COMMENTARY Education

Universal, Government-Funded Preschool Proves to be a Misguided Foray

May 17, 2016 2 min read

Commentary By

Salim Furth, Ph.D. @salimfurth

Former Research Fellow, Macroeconomics

Lindsey M. Burke, PhD @lindseymburke

Director, Center for Education Policy

Some “education activists” continue to call for more government-funded preschool programs despite mounting evidence that they don’t work.

Studies of large-scale preschool programs in Quebec and Tennessee show that vastly expanding access to free or subsidized preschool may worsen behavioral and emotional outcomes for students. Even proponents acknowledge that universal preschool does nothing to improve future academic performance.

Proponents hang their hats on two studies that have found benefits of preschool attendance: the Perry Preschool Project and the Abecedarian Preschool Study. The Perry study began in 1962 and included just 123 children (58 in the treatment group), all from low-income households. It tracked a half-century-old program that provided around-the-clock, comprehensive preschool and care services to a few dozen “at-risk” children.

The Abecedarian Program, which began in 1972, had a sample of 111 (57 in the treatment group) children from low-income households. The program included individualized education services, transportation, and social and nutritional services, among other interventions.

Both studies identified positive outcomes from these boutique programs, such as increasing the likelihood of attending college and lower incarceration rates. Yet both studies suffer from flawed methodologies. Among their shortcomings: violation of random assignment rules, small sample size and management of the evaluations by the program developers themselves.

So why do government preschool proponents continue to appeal to these two nearly half-century-old studies?
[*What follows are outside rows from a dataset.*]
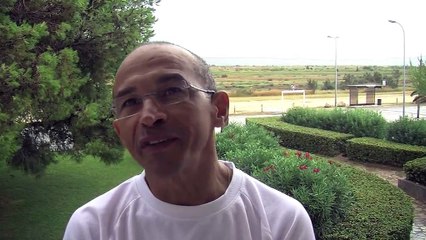 Interview de Denis Ramanich organisateur de Carry-Marignane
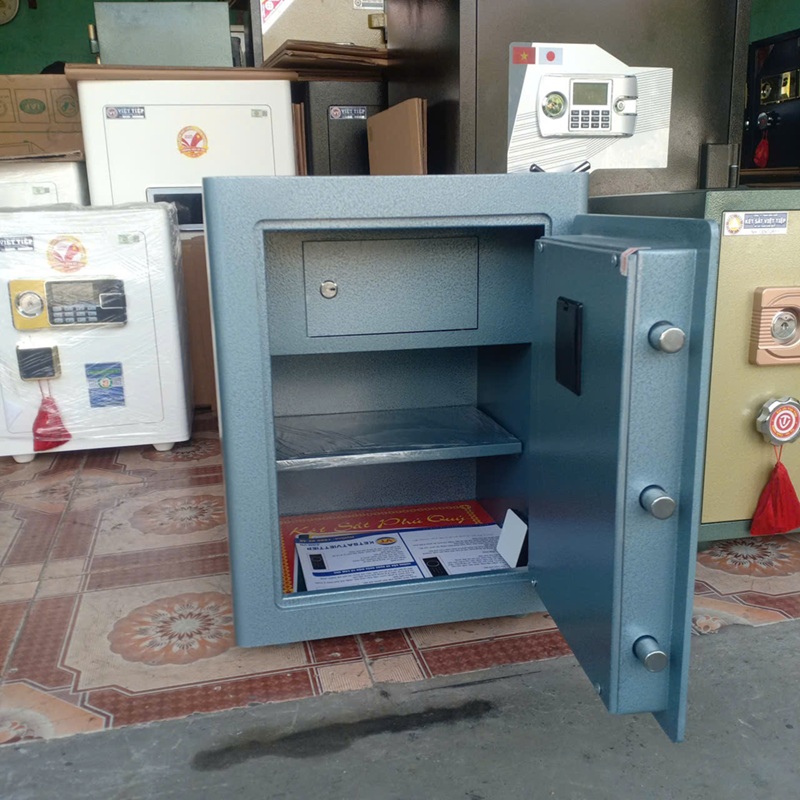 khi nào cần gọi thợ két sắt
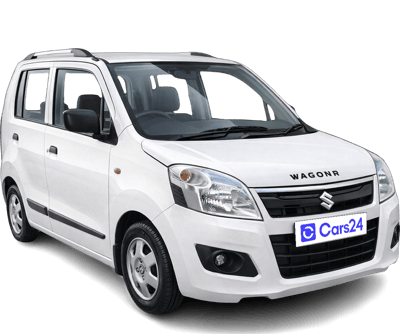 2014 Maruti Wagon R 1.0 - Hatchback - CNG - Manual - ₹1.80 lakh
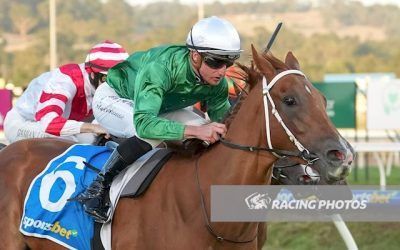 Nic’s Choice Breaks Maiden At Pakenham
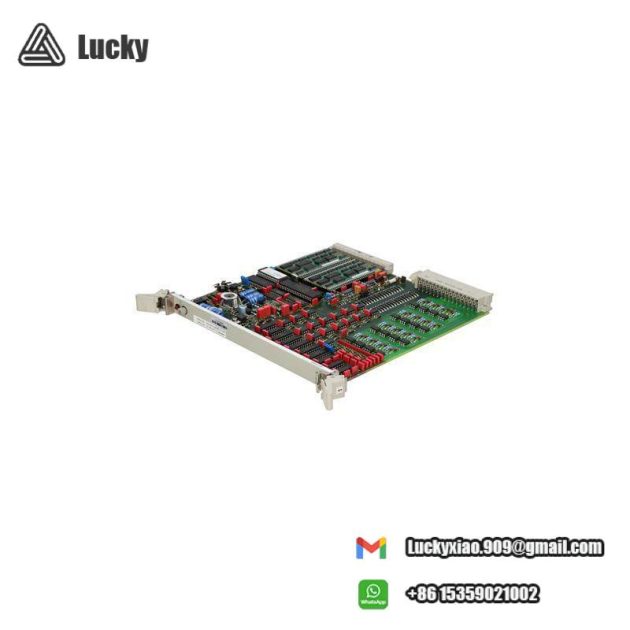 Siemens 6DD1681-0CA2 Control System SIMADYN D SITOR-interface SE20.2 for PG16, PG26, PT20G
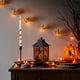 thumbnail image 5 of Halloween Decorations Atmospheric Small Gifts Soy Wax Printed Stick Candles Originality Pumpkin Candles Tabletop Ornaments, 5 of 6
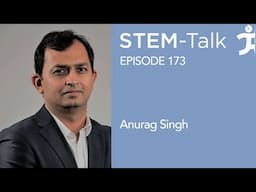 Episode 173: Anurag Singh on urolithin-A’s ability to optimize mitochondrial efficiency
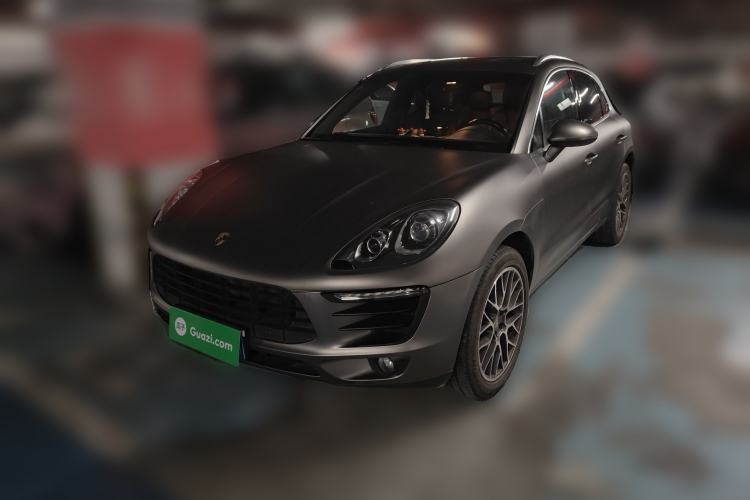 Used Porsche Macan 2014 Macan S 3.0T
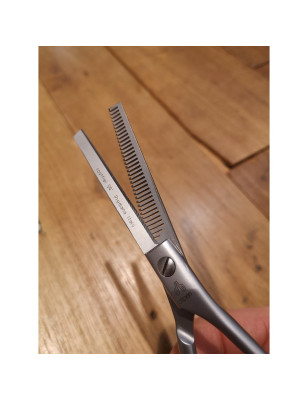 Forbici per sfoltire capelli Alpen in acciaio inox 5,5 pollici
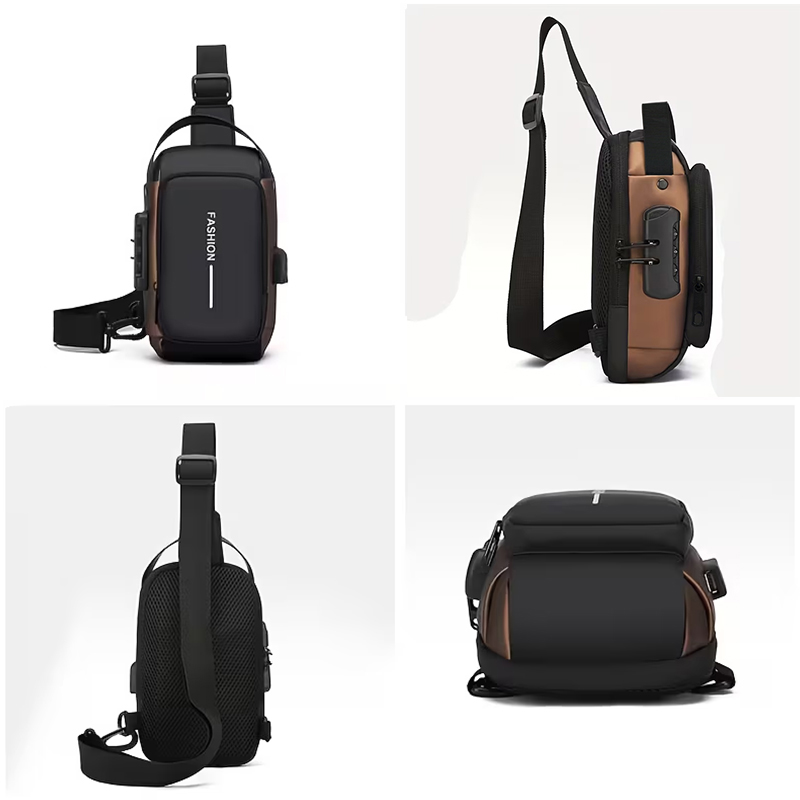 Casual Waterproof Anti-theft S – обзор и цена Hiking Backpack Waterproof
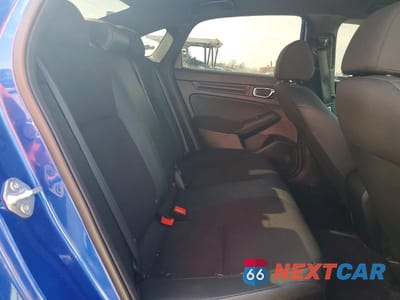 Zdjęcie 10 z 12 samochodu: 2023 HONDA CIVIC SPORT VIN:2HGFE2F50PH508485 - miniatura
Because their findings have never been replicated on a larger scale.

In fact, the dated nature of the findings should largely exclude them from consideration of the efficacy of subsidized preschool programs.
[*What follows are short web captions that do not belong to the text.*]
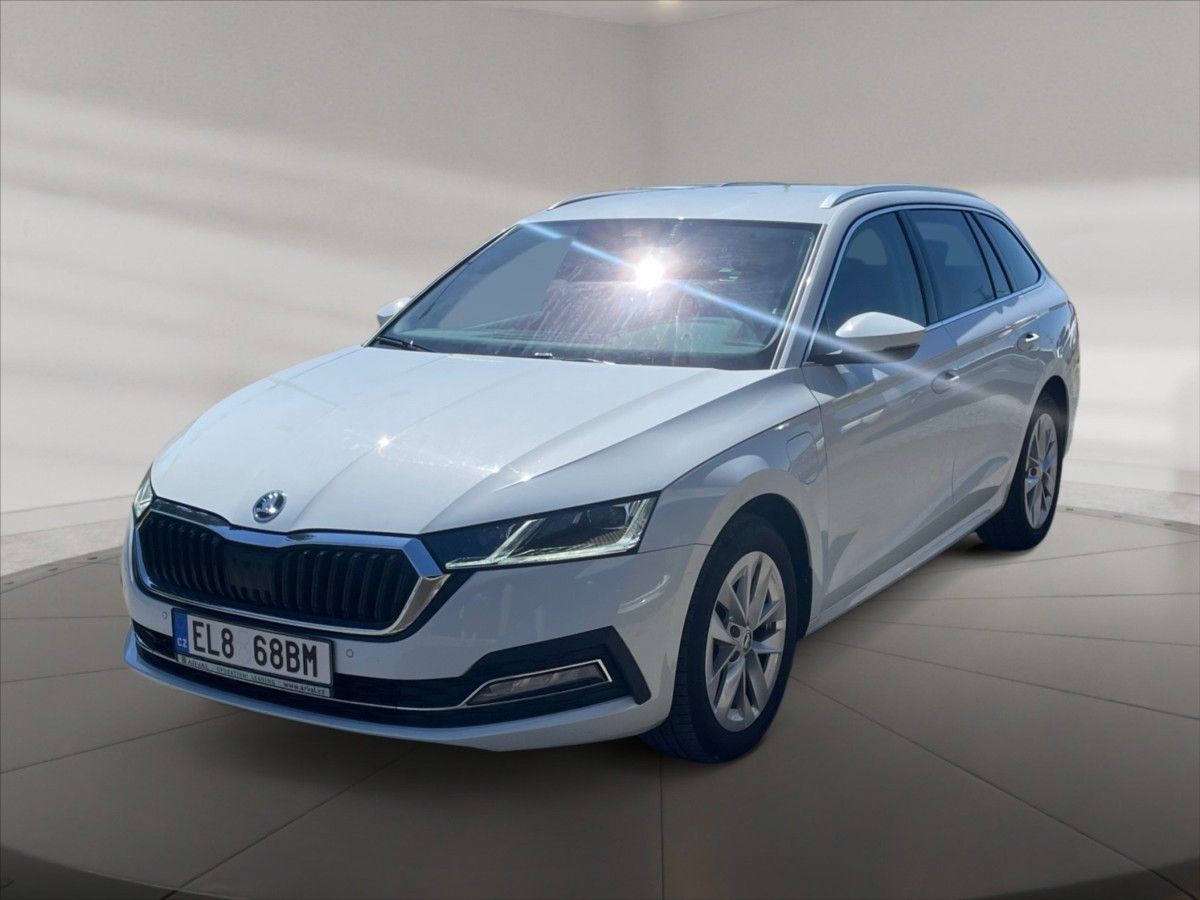 Škoda Octavia, 1,4 TSI 150 Style DSG - fotka 3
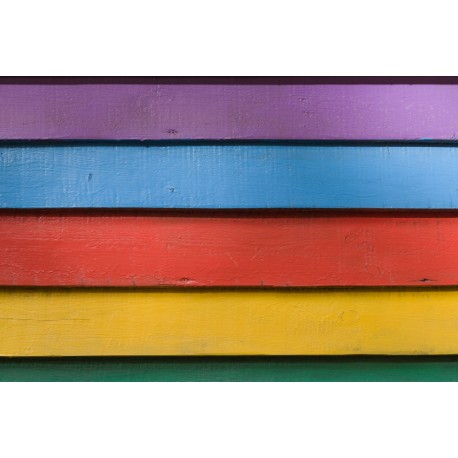 stickers meuble style beton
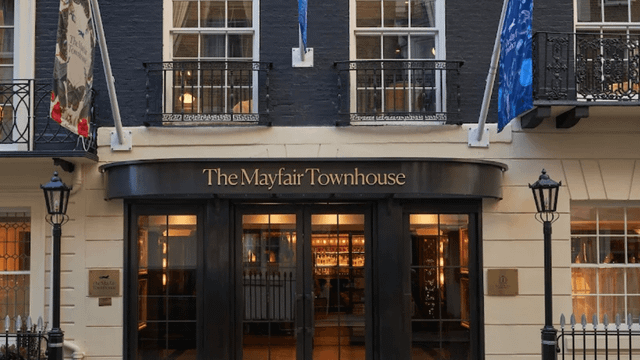 The Mayfair Townhouse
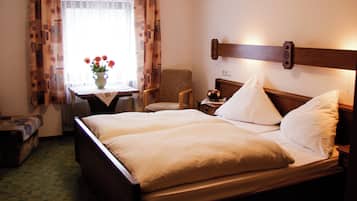 Doppelzimmer | Kostenloses WLAN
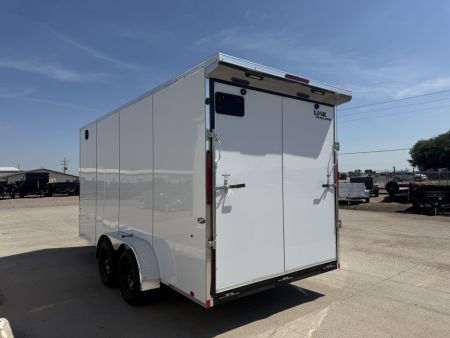 New 2027 Look Trailers 7' x 16" Enclosed Trailer Cargo / Enclosed Trailer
Current, rigorous evaluations of preschool programs tell a very different story. Recent evaluations of Head Start and Tennessee’s large, statewide preschool program should carry much more weight with policymakers considering expanding taxpayer-funded preschool.

With regard to Head Start, the federally funded preschool program for children from low-income families, a random assignment evaluation by the Department of Health and Human Services (which manages Head Start) found little to no impact on the parenting practices or the cognitive, social-emotional and health outcomes of participants. Moreover, on a few measures, access to Head Start actually had harmful effects on participating children.

A team of researchers from Vanderbilt University found that the Tennessee program, open to some 18,000 children and lauded as a model, state-based preschool program, produced no significant differences between the control group and the preschool group by the end of kindergarten. In other words, even so-called high-quality preschool programs are failing to live up to the promises made by proponents.

It is also worth examining Quebec’s publicly funded day care program. The Canadian province introduced universal, low-cost day care for children through age 4 beginning in 1997. The program has had a large impact on the day care market: Privately funded child care arrangements have almost disappeared. Quebec now has the highest rate of subsidized child care in Canada, at 58 percent in 2011.

And how are the children faring? Economists Michael Baker, Jonathan Gruber and Kevin Milligan found that children exposed to the program were subsequently 4.6 percent more likely to be convicted of a crime and 17 percent more likely to commit a drug crime. Their health and life satisfaction rates were worse.

Proponents of universal government-subsidized preschool have to grapple with the fact that universal programs have failed and had negative effects on children.

What’s more, additional federal subsidies for early childhood education would crowd out private providers from the preschool market, which ultimately would limit options for families and trap their children in counterproductive public programs.

Universal preschool proposals would create a subsidy for middle-income and upper-income families while adding to the tax burden for Americans. A growing body of empirical evidence suggests that, in the long run, the government-run preschool experience leaves many children worse for the wear.